Why Luke Donald can end Ryder Cup streak in New York

McIlroy is brave to be bullish, knowing he will be brutally targeted by US fans at Bethpage. He was abused so much at Hazeltine in 2016 that his zen state finally snapped and he got into a furious argument with an overzealous spectator; he left Whistling Straits in tears two years ago after a humiliating 19-9 defeat. In the midst of his joy in Rome, perhaps it was the champagne doing the talking.

Yet McIlroy is right to be optimistic: that home streak must end one day, and why not in New York?

For one thing, home advantage is not the powerful weapon it used to be, despite what recent scores might suggest. Control of course setup was once a major influencing factor, and the Ryder Cup has a long history of collusion between home captains and greenskeepers. The US chopped rough down to aid their big hitters, and the Europeans grew rough high to benefit their fairway finders, and the home team usually prevailed.

Over the past few years, though, the discrepancy in driving distance has become negligible. Most European players play in the same tournaments as the Americans. They live in the States and have come through the US college system. Almost every top player now has both distance and accuracy in their bag, and for the first time Europe’s 12 actually had a marginally longer average distance off the tee. So Europe should not fear Bethpage Black if it is set up for long hitting like Hazeltine and Whistling Straits before it.
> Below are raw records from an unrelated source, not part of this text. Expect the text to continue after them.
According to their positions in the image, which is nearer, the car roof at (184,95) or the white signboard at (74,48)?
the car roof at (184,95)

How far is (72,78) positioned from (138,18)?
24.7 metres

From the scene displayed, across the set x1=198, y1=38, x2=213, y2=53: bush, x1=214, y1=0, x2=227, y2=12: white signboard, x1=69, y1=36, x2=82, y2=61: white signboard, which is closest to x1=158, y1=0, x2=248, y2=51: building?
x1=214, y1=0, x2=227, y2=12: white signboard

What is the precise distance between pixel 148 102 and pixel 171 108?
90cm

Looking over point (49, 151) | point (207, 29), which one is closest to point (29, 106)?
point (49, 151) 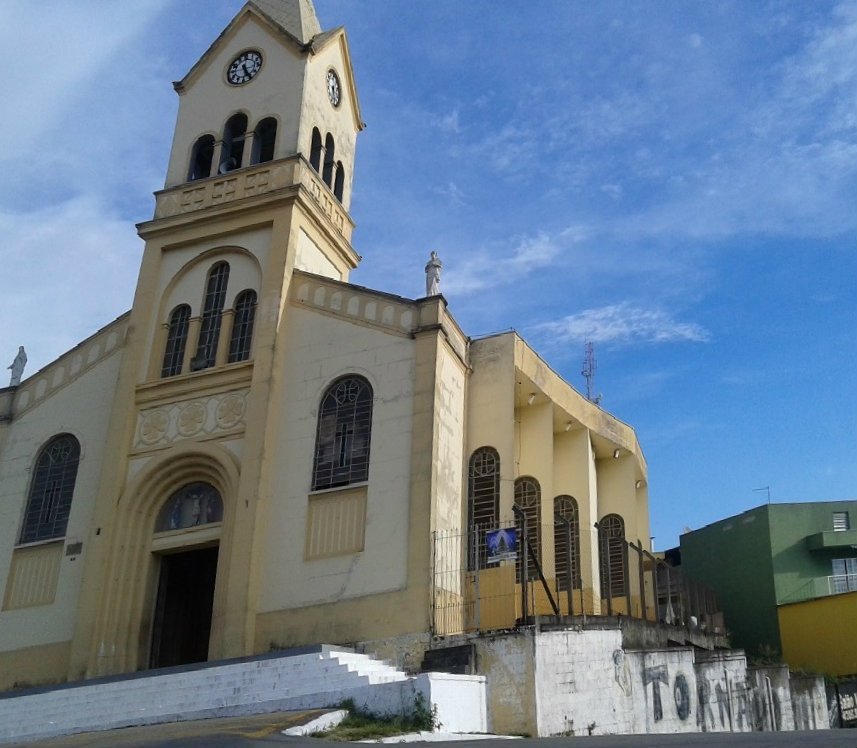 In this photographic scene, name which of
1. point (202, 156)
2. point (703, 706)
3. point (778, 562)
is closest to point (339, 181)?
point (202, 156)

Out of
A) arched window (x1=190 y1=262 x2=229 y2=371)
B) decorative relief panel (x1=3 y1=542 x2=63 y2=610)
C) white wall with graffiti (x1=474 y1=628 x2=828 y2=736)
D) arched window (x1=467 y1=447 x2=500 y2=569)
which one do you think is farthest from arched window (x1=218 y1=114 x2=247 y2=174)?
white wall with graffiti (x1=474 y1=628 x2=828 y2=736)

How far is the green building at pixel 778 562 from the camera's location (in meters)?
30.5

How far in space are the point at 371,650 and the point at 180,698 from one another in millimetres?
3356

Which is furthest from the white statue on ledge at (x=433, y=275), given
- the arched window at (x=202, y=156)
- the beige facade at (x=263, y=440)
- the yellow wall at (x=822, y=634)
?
the yellow wall at (x=822, y=634)

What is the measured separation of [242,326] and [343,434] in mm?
4011

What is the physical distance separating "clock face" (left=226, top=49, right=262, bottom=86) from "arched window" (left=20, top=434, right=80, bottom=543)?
9.80 m

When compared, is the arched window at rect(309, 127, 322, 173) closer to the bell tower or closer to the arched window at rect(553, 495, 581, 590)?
the bell tower

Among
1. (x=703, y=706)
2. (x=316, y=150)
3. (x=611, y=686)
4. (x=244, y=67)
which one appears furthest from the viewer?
(x=244, y=67)

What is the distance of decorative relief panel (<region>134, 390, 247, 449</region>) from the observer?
2270 cm

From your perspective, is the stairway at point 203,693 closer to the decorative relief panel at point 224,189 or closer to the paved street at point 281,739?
the paved street at point 281,739

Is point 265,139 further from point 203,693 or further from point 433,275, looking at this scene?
point 203,693

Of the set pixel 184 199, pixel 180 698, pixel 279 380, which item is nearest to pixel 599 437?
pixel 279 380

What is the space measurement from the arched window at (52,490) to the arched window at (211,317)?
11.1ft

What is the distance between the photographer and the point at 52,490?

What is still a tool for the home team is the partizan crowd. They created a hostile cauldron for the visiting players in Rome, and in a sport that is played in a serene bubble for most of the year, that was naturally disconcerting.

Luke Donald lifts the Ryder Cup after victory at Marco Simone Golf Club

But having great golfers is more important than where the tournament is played. In all the pre-event talk of USA being favourites, it was often overlooked that Europe held three of the best four players in the world in Jon Rahm, McIlroy and Viktor Hovland. The heavyweight trio played 14 matches in Rome (half of the total 28), earning 10½ points, and that laid the foundation for Europe’s win. Barring injury, they should all be back for New York.

Along with playing talent, leadership is another telling factor at the Ryder Cup. European players chanted “two more years!” at their captain Luke Donald during the trophy presentation and he hinted that he might buck the modern trend and continue in the captaincy role for a second Ryder Cup. “No one has asked me yet,” Donald said with a smile.

The winning captain is always heralded as an oracle of golf after the fact, but the players were authentic in their praise for Donald’s work, painting a picture of someone who created an impenetrable bubble of confidence in which his players thrived. In contrast to his counterpart Jonhson, Donald embraced the numbers game, using stats guru Edoardo Molinari in a data-led approach to selection and pairings. Europe are a step ahead in this area.


Europe celebrate winning the Ryder Cup

The USA’s leadership will change over the next two years. The entire golfing landscape will continue to evolve and it is hard to predict how each team will look. But if Europe do retain Donald and Molinari, and their heavyweight players arrive in form, then they might just have an edge. And if they can transfer that edge to the golf course in New York, even in a fierce atmosphere at a venue out of their control, then perhaps they can break the chain and retain the Ryder Cup too.